Diese Welten knallen aufeinander. 
Die Kinder reicher Eltern, die mit Kindermädchen und Butler aufwachsen und deren Eltern sich nicht selber kümmern und die Kinder nur sehen wenn es passt, erfahren gar keine Liebe. So lange sie mitmachen und gute Note schreiben, bekommen sie alles in den Hintern geschoben. Kreditkarten, teuere Autos, Privatschulen und namenhafte Universitäten und mehr als eine Wohnung. Die Kinder mögen zwar keine Geldsorgen haben, ihnen fehlt aber ein ganz entscheidendes Gefühl um Vollständig zu sein: Liebe und Geborgenheit. Die suchen sie sich dann meist in anderen Gefilden. Wenn sie Mist bauen holen die Anwälte der Eltern sie wieder aus dem Schlamassel raus. Geld regiert. 
Jamey Hyde ist so ein Kind. Er studiert und wohnt mit seinem ebenso reichen Kollegen zusammen, der das Leben nimmt, was es ihm bietet. James hingegen ist innerlich zerrissen, kaputt. Als er die aus ärmlichen Verhältnissen stammende Elise Perez kennenlernt, beginnt ein obsessives Spiel, das immer in der Nacht beginnt und im Morgengrauen endet. Während Elise sich verliebt, ist es für für James nur was körperliches. Er ist schüchtern und überlegt. Sie ist vorlaut und hat keine Hemmungen. 
Elise Perez. Aufgewachsen in den Slums, ist irgendwann von zu Hause weggelaufen in der Hoffnung auf ein besseres Leben.  Sie hatte keine Schulbildung wie James, weiß aber mehr vom Leben als er. Zusammen ergeben Sie ein Ganzes. Nicht gern gesehen von der Familie Hyde. Irgendwann passiert ein Unglück und wieder ist es Elise die James hilft. 
Es ist einfach interessant zu sehen, das Geld zwar ein Notwendigkeit ist, übermässiger Reichtum ist es nicht. Liebe hingegen, Liebe ist immer Notwendig. Ohne Liebe sind wir nichts. 

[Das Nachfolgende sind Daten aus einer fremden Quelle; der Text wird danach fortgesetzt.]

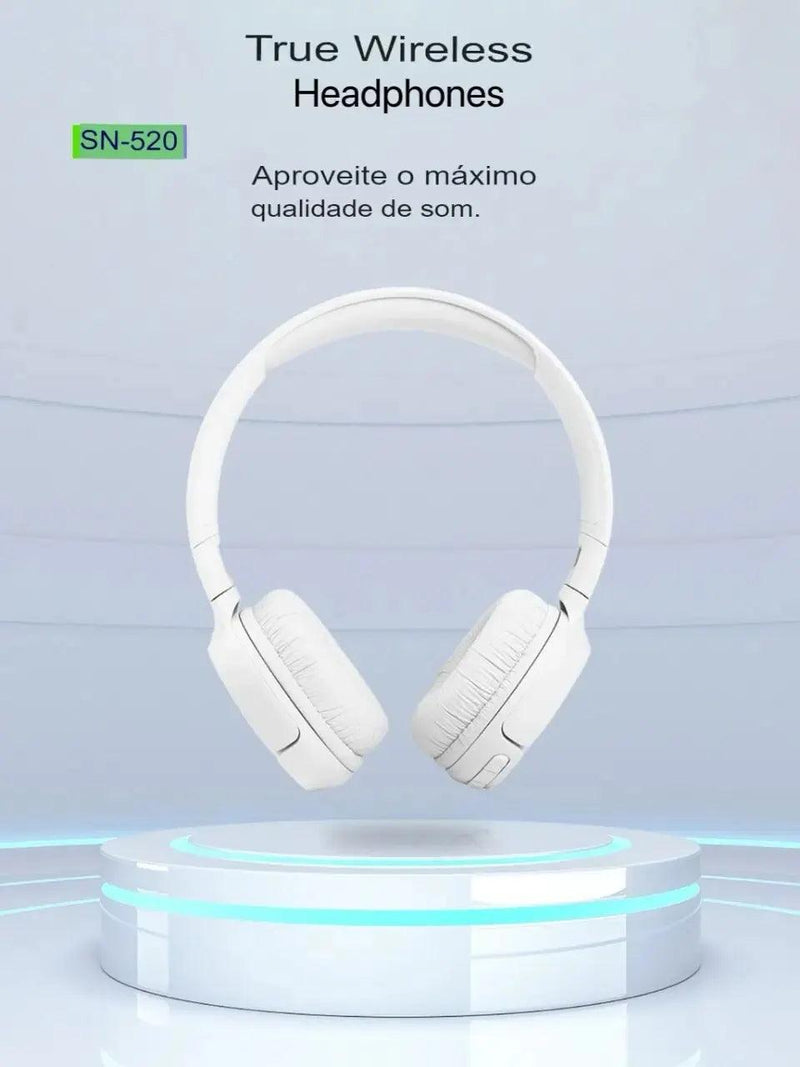 Fones de ouvido sem fio Bluetooth com microfone, redução de ruído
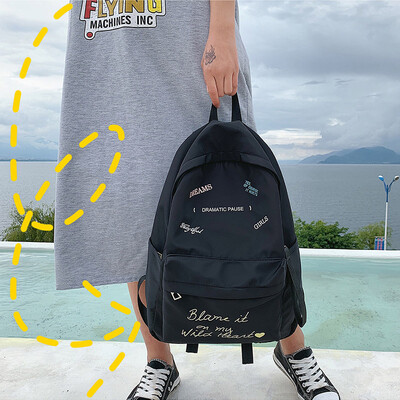 Ins womens Korean high school small&fresh junior high school high-capacity college students double-shoulder bag
Ins womens Korean high school small&fresh junior high school high-capacity college students double-shoulder bag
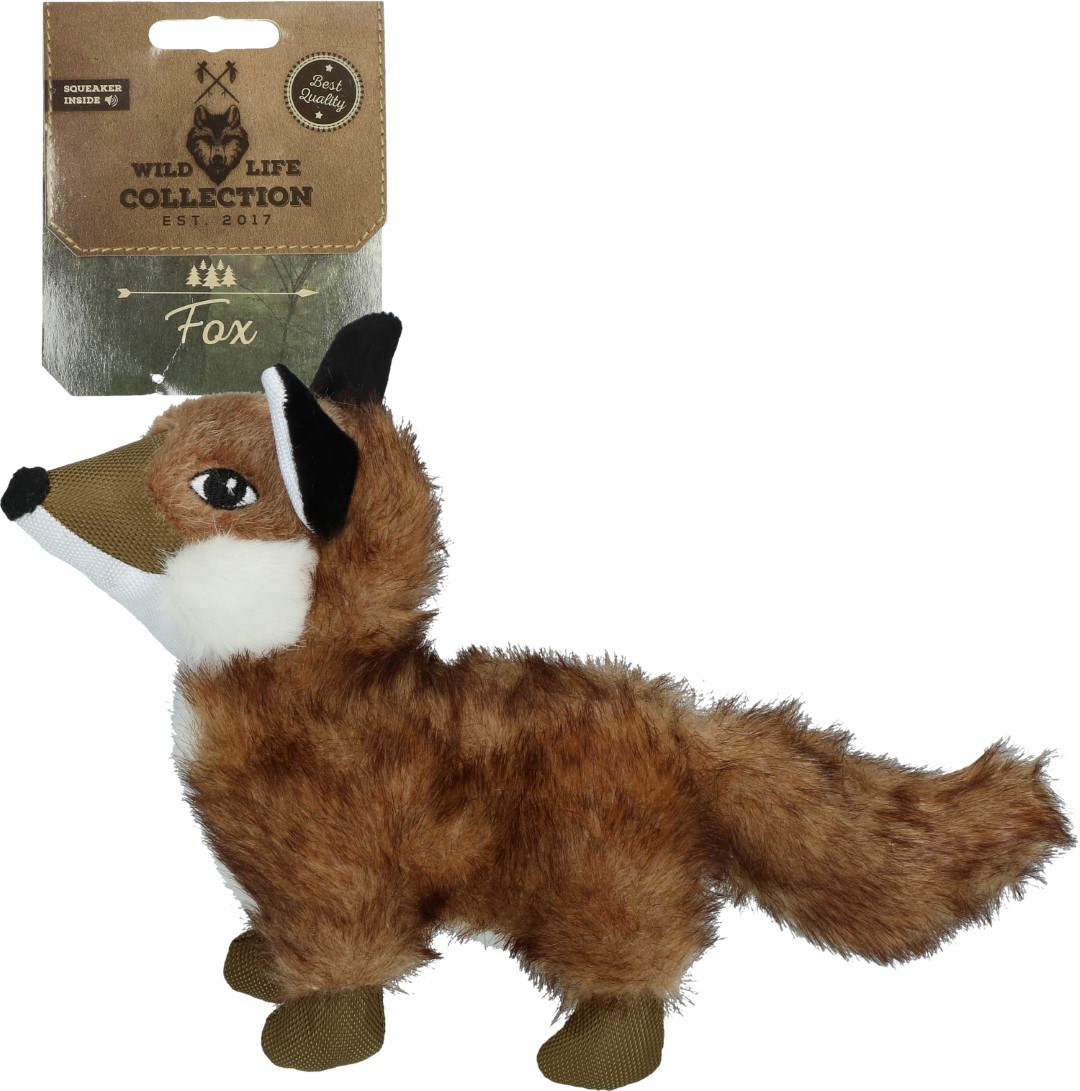 Wild Life Collection Dog Vos pluche hondenspeeltje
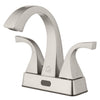 Homewerks Brushed Nickel Motion Sensing Modern Centerset Bathroom Sink Faucet 4 in.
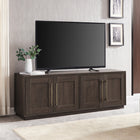 Hudson&Canal - Meuble TV Tillman pour téléviseurs jusqu'à 75" - Alder Brown-Caractéristiques assemblage facile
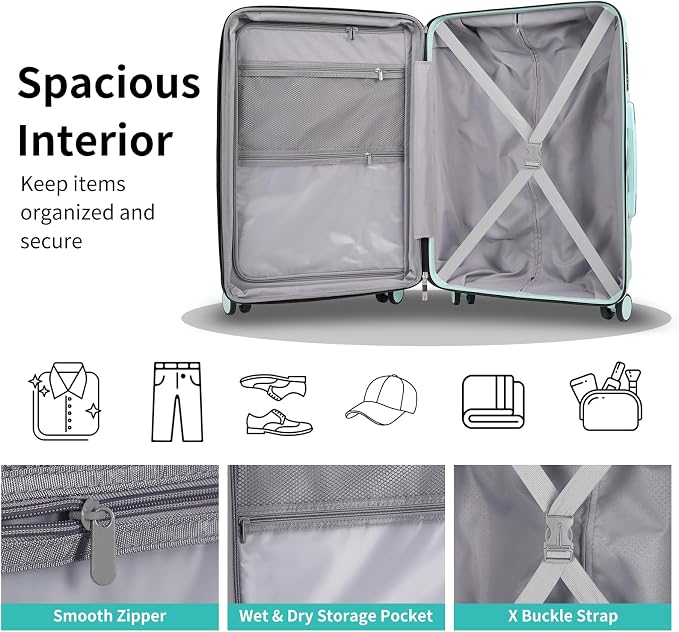5-Piece Lightweight Luggage - Image 7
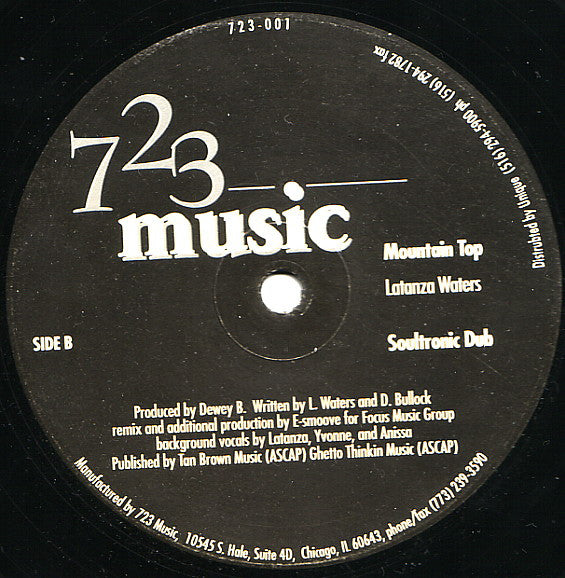 Latanza Waters : Mountain Top (12")
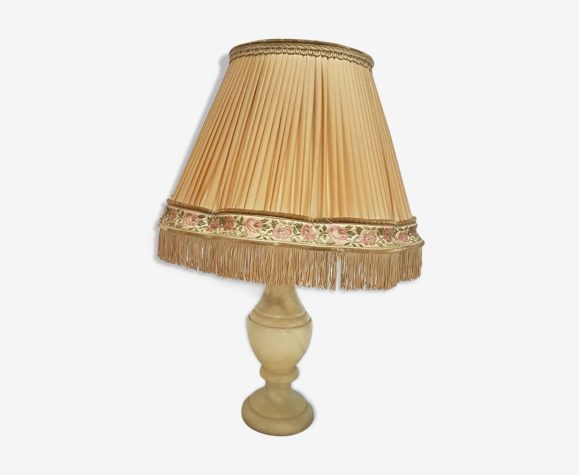 Lampe à poser en albâtre vintage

Die Geschichte ist immer in kurzen Abschnitten erzählt. Sie beginnt Juni 1987 und Endet im Januar 1986. Die 80er Jahre in New York. Eh auch wieder eine Zeit, in der die Jugend im Umbruch ist. Drogen bei den Reichen und bei den Armen konsumiert werden. Bei den einen quasi auf dem Silbertablett, bei den anderen auf offener Strasse. Die einen weil es zum guten Ton gehört, die anderen weil sie keinen Ausweg sehen. 
Anders als bei Romeo und Julia, fehlt hier völlig die Romantik. Durch die kurzen Passagen hat man dieses Buch angenehmen lesen können, pausierte man, war man dennoch sofort wieder drin. 
Ein Buch zum nachdenken. Die Autorin beschönigt nichts, die Sprache gefällt. Zu Anfang ist mir der Einstieg schwergefallen, aber dann einige Seiten weiter, konnte ich mit dem Lesen nicht mehr aufhören. Ich habe mit beiden Protagonisten mitgelitten. 
Einen herzlichen Dank an vorablesen.de und den Diogenes Verlag für das Rezensionsexemplar.